Brian's mom is one of those super-women. You know who I'm talking about. Those women who have the halls decked, the trees trimmed and the gifts bought long before December even hits. I wouldn't be surprised if she was done with her Christmas shopping back in October. She's just that good!
Me, on the other hand... Sigh. I'm not Wonder Woman quite yet. I'm not even the guy bringing her coffee.
I'm just now finalizing the Christmas list. And it's a lot harder than it should be. Why can't people just say what they want? "Surprise me!" is a stupid answer if you actually want a gift you will enjoy. Surprise me?
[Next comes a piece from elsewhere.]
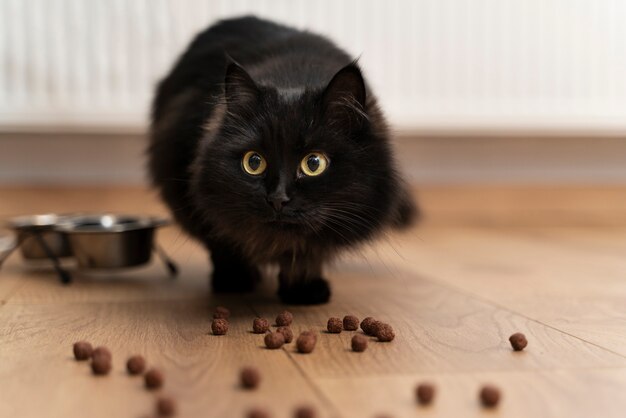 Gato jugando en una casa sucia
Here's a bucket of warm spit, are you surprised?! I bet you weren't expecting that!
Unless you're my ex-step-father Steve. Every birthday and Christmas he would say "a bucket of warm spit" whenever you asked him what he wanted. So people either say to surprise them or they give you some smart-ass response. My brother wants his own private island for Christmas. And my dad thinks he's funny too, saying, "My two front teeth." Then he adds, "Make it a bling bling grill."
Everyone's a comedian. Why can't people be more like me? I let people know what I want. I want money. Yep. That's it. Money. You can write me a check or give it to me in cold, hard cash. I'm dreaming of a green Christmas and I don't mean eco-friendly.
3 comments:
Actually, my family may be boring, but we each have a tab in Google Documents online, where throughout the year we throw things on and off our list when we think of it. That way, people can shop in May if they darn well please. It has worked out really well for us, and there's still a lot of leeway in the surprise (which of the 20 items, what color/model/specs is it, did we upgrade what you asked for?). You get the idea.